Description Michael Hinton 2021-05-04 15:02:13 MDT
It might be good if Slurm automatically sets CUDA_​DEVICE_​ORDER=PCI_BUS_ID as a convenience to make sure that CUDA applications are guaranteed to have the same GPU order as NVML/nvidia-smi (and eventually Slurm, pending progress in bug 10933).

Things we still need to think through:

1) Should setting CUDA_​DEVICE_​ORDER=PCI_BUS_ID be done automatically whenever any GPU is requested? Or only when AutoDetect=nvml is specified? I think the former makes the most sense.

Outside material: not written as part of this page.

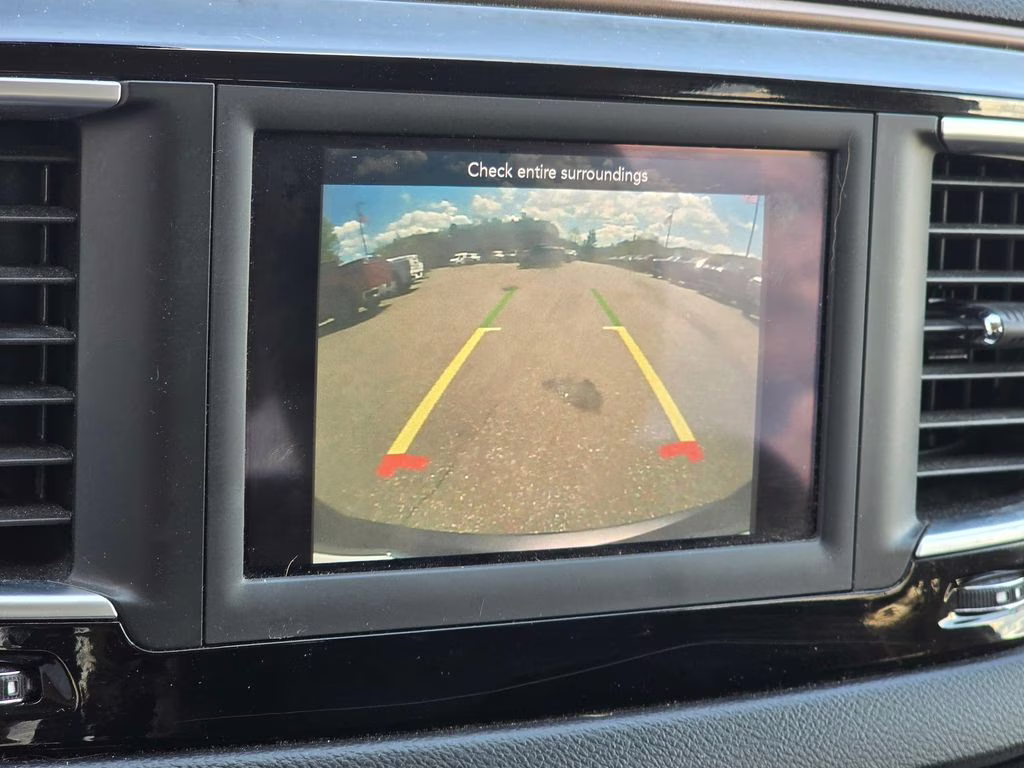 2021 Granite Crystal Metallic Clearcoat Chrysler Voyager LXI FWD Van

2) Would there be any case where a user would want to override CUDA_​DEVICE_​ORDER to *not* be PCI_BUS_ID? If so, maybe we would need to check if it was set to anything else first before we blindly set it, and maybe emit a warning about it if it's set to something else.

See bug 10827 comment 83 for more context.
Comment 1 Michael Hinton 2022-01-26 16:42:47 MST
Hey Kilian,

We are going to go ahead and leave CUDA_DEVICE_ORDER alone. How this is set probably won't matter in most cases, and in the cases where it could matter, we have this documented:

"For this numbering to match the numbering reported by CUDA, the CUDA_DEVICE_ORDER environmental variable must be set to CUDA_DEVICE_ORDER=PCI_BUS_ID." 

The CUDA documentation also states that there are two possible values for CUDA_DEVICE_ORDER - FASTEST_FIRST and PCI_BUS_ID - and that the default is FASTEST_FIRST. See https://docs.nvidia.com/cuda/cuda-c-programming-guide/index.html#env-vars.

So we are going to err on the side of flexibility and backwards compatibility and leave it up to the CUDA application developer to change CUDA_DEVICE_ORDER. Of course, if you have a compelling counterpoint, feel free to elaborate.

Thanks!
-Michael